Take Time to Validate, Inspire & Encourage

The other night driving home from visiting my daughter, I was thinking and reflecting on Valentines Day. Earlier that day and every year, I smile at the many men who take time out and pop into the flower shop to get flowers for their partners. On this day you do not see any women in the store other than those serving and making up those bouquets. I look at the men, looking very serious and concentrated, getting the perfect bunch together, walking out proudly with their pick — hoping their partners will receive their romantic gesture with gratitude, appreciation and love.
This one-time and other special occasions people put extra effort into letting a loved one know they matter and are loved. This thought brought me back to my life and maybe yours. We are busy every day with the people who matter to us. We have conversations—meaningful and not meaningful. We disagree to agree. We eat together, watch a series together. We laugh and cry together. When facing storms, we endure together.

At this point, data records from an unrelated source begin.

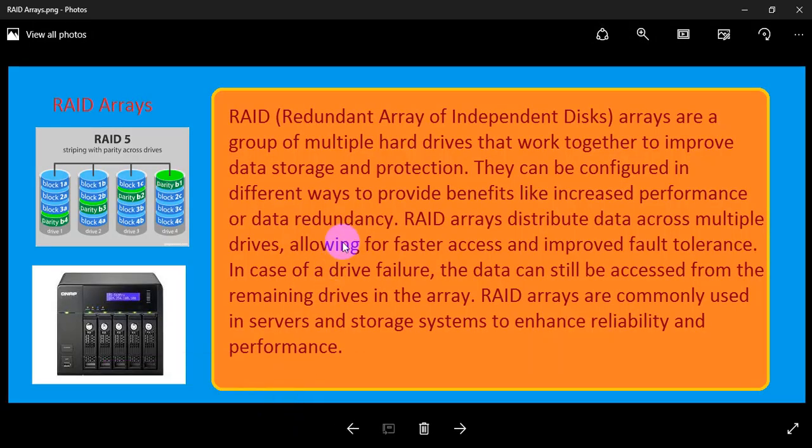Let us learn about RAID. RAID stands for Redundant Array of Independent Discs. It is nothing but discs — but what kind of discs? A Redundant Array.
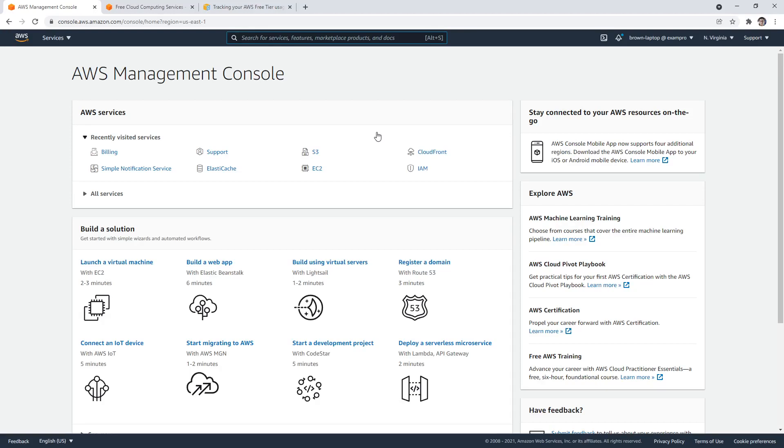Alright, so now that we've set a budget, what I want to talk to you about is the free tier. The free tier is available for the first 12 months of a new AWS account and allows you to utilize services without incurring any cost to you. It's in your advantage to utilize this free tier as you are experimenting and learning cloud.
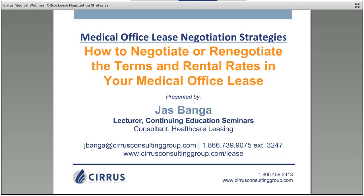The purpose of today's webinar is to focus on a very important aspect of your business — the lease document that we're expected to sign at the beginning of our career, and the implications of that agreement. The real focus is how to renegotiate the terms and rental rates in your medical office lease agreement.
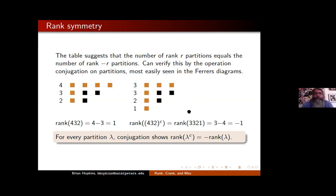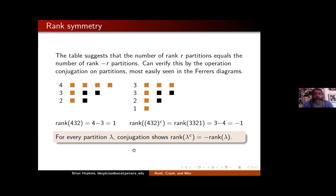The symmetry is explained by the conjugation operation on Ferrers diagrams, which turns rows to columns. When you swap rows and columns, the number of parts becomes the first part of the conjugate, and the first part of the original becomes the number of parts in the conjugate. So for 4,3,2 the rank was 4 minus 3; its conjugate works out to be 3,3,2,1, and the rank is 3 minus 4 equals negative 1. The rank of the conjugate is the negative of the rank of the original partition — that explains the symmetry in the table.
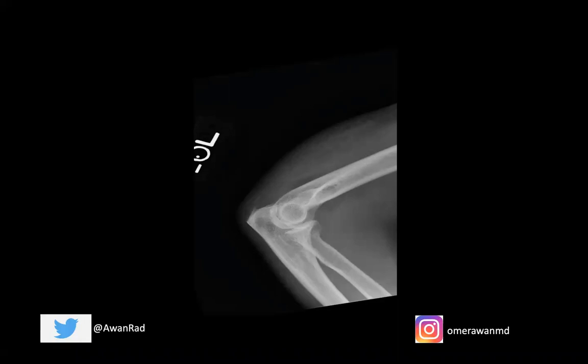Hello everyone, and welcome to case number nine in the MSK Unknown Case Series. This week's session, we have a lateral view of the left elbow, and we can see that this is a nice lateral view. We can identify the distal humerus, the proximal ulna, and the radius.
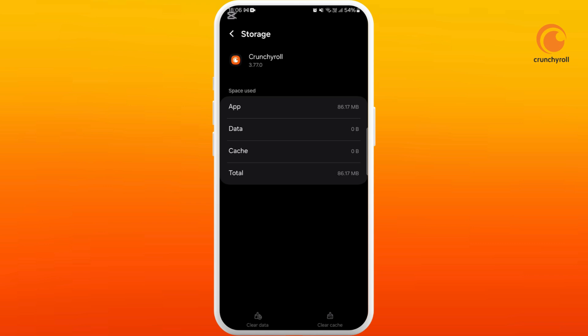Next method is you can try to uninstall and reinstall the app. In that way, you'll have the latest version of the Crunchyroll app on your phone.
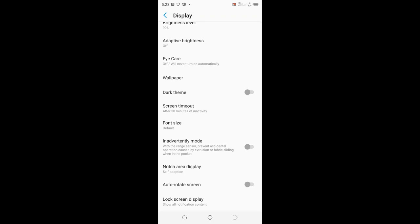So that is how you can set up screen timeout on your phone.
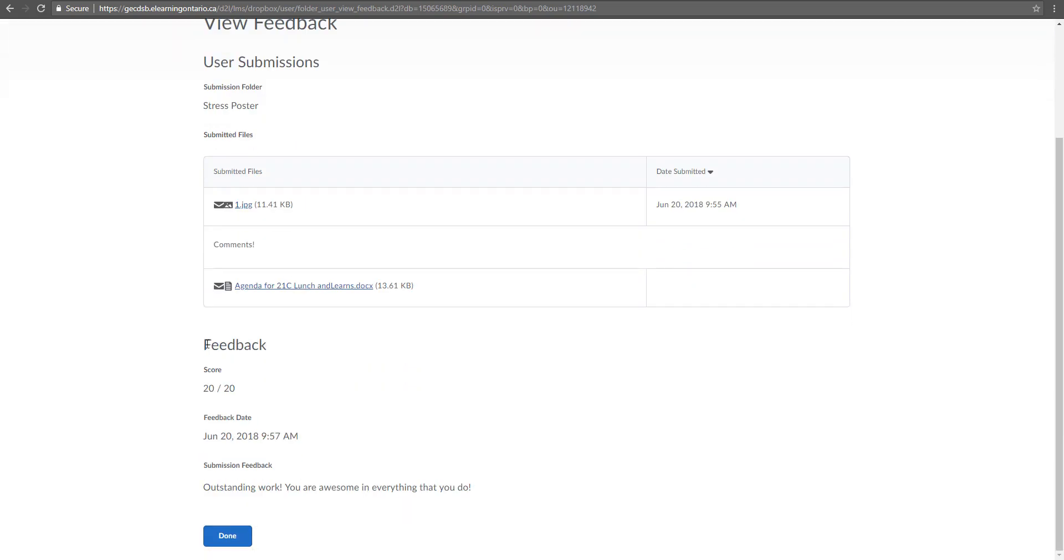And then down here is now the feedback. So my teacher gave me 20 out of 20. And the feedback that they've given says outstanding work. You are awesome in everything that you do, which is so true. But you'll actually get meaningful feedback from your teachers through here.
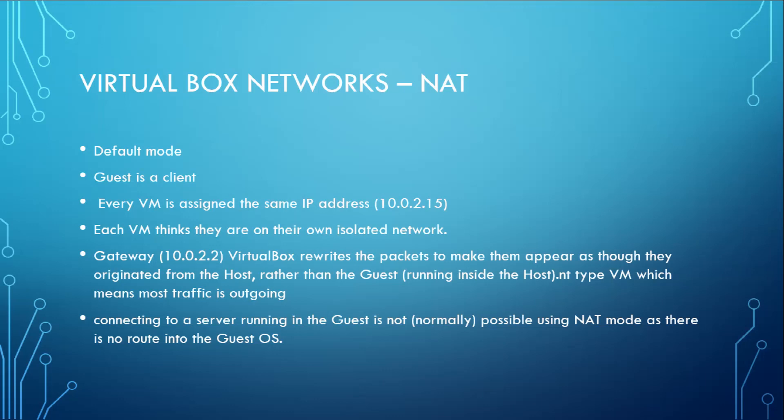In this mode, all your virtual machines act as a NAT client and every virtual machine is assigned the same IP address 10.0.2.15. Each virtual machine thinks that it is in its own isolated network.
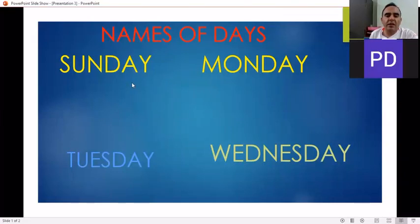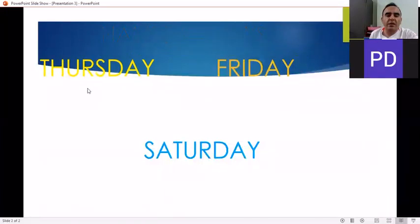Sunday, Monday, Tuesday, Wednesday, Thursday, Friday, Saturday.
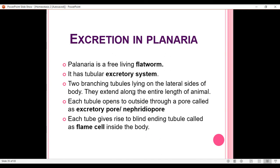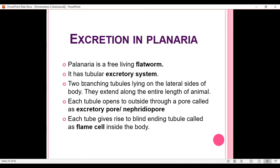Assalamu alaikum everybody. Today we are discussing excretion in planaria. As we all know, excretion is the removal of nitrogenous waste from the body of an organism. In planaria, excretion takes place through an excretory system which is tubular in nature.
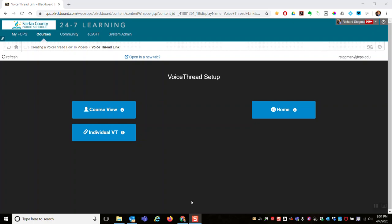This video will show how to make a copy of an existing VoiceThread and give your Blackboard class access to it. I'm halfway through the process. I have already created my link in Blackboard and clicked it the first time as the instructor.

Thinking of my daughter, how I watched her going through the loss of her daughter; always checking to make sure she was okay. We spoke and shared about our processing of the loss over the past year. But I realized some things I wanted and want her to know; I didn’t get to say yet. I first thought, I will get to tell her sometime. But what if it is too late? That’s when I wrote her a letter the next day. I took time and wrote a letter to my daughter. Telling her the things I do not tell her in our normal conversations.
Life passes us by so quickly, and so do memorable moments. How better than to capture those moments on a piece of paper—validating, inspiring and encouraging someone else. Letting them know that you take notice and that you are present in their lives.
I remember years ago, when my daughter—the eldest turned sixteen, I wrote a poem, capturing all the memorable moments from the day she was born. I framed it and gave it to her on her birthday. When her brother turned sixteen, he insisted on his poem. I did one for each of our children. And when my daughter got married and expected her first baby, I wrote her letters.
These poems and letters, I know, impacted my children’s lives. It was my way of sharing my heart with them. In which way, can you impact your family life?